The BoJ reportedly conducted a “rate check”, which means it asked Japanese FX dealers for direct prices ahead, a step it has taken in the past ahead of direct market interventions. When it comes to FX market intervention, the BoJ acts at the behest of the Japanese Ministry of Finance.
Japanese Finance Minister Shunichi Suzuki on Wednesday told market participants that any intervention would not be announced in advance, and would likely not be confirmed in its aftermath. Suzuki and other Japanese officials have been jawboning about the negatives associated with excessive yen weakness in the past few days as USD/JPY has pushed to fresh multi-decade highs.
Normally, a weaker yen is viewed as favorable by authorities given the associated boost to Japanese exports. But given the extent of the yen’s decline this year (around 30% versus the US dollar) and the surge in global energy prices, yen weakness is hurting Japanese businesses and consumers.
The yen has underperforming its major G10 peers this year as a result of the BoJ’s continued commitment to its ultra-dovish policy stance at a time when other major central banks like the Fed, BoE and ECB have been aggressively raising interest rates to curb rampant inflation. This has triggered a significant widening of G10 (ex-Japan)/Japanese rate differentials, battering the yen.

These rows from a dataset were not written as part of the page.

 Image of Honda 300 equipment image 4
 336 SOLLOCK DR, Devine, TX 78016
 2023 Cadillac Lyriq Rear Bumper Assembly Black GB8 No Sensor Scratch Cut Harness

Intervention Viewed as Unlikely
Analysts noted on Wednesday that, given Japan is a signatory to the G7 and G20, and as such has signed policies about refraining from FX market intervention, direct intervention remains unlikely.
“My feeling is that the MOF won’t intervene at this stage and will leave it at verbal warnings,” said the chief economist at the Tokyo-based Norinchukin Research Institute, according to Reuters. “There’s still a week before the Fed’s rate-setting meeting… I don’t think markets believe the ministry will intervene at current dollar/yen levels,” the chief economist said.
Further verbal warnings could come directly from BoJ Governor Haruhiko Kuroda and his colleagues at next week’s BoJ meeting. The bank is not expected to signal any intentions to deviate from its ultra-dovish policy stance of rates at -0.1% and continued yield curve control.
USD/JPY to Remain a Buy on Dips, Even if BoJ Intervenes
“Were there BoJ FX intervention, Japanese authorities could easily sell around $5bn… That could trigger a brief dollar correction,” said ING analyst Chris Turner in a note on Wednesday. “However, the dollar is up here for good reasons and we would expect the macro hedge fund community to be happy to buy dips on any 2-3% correction in USD/JPY,” he added.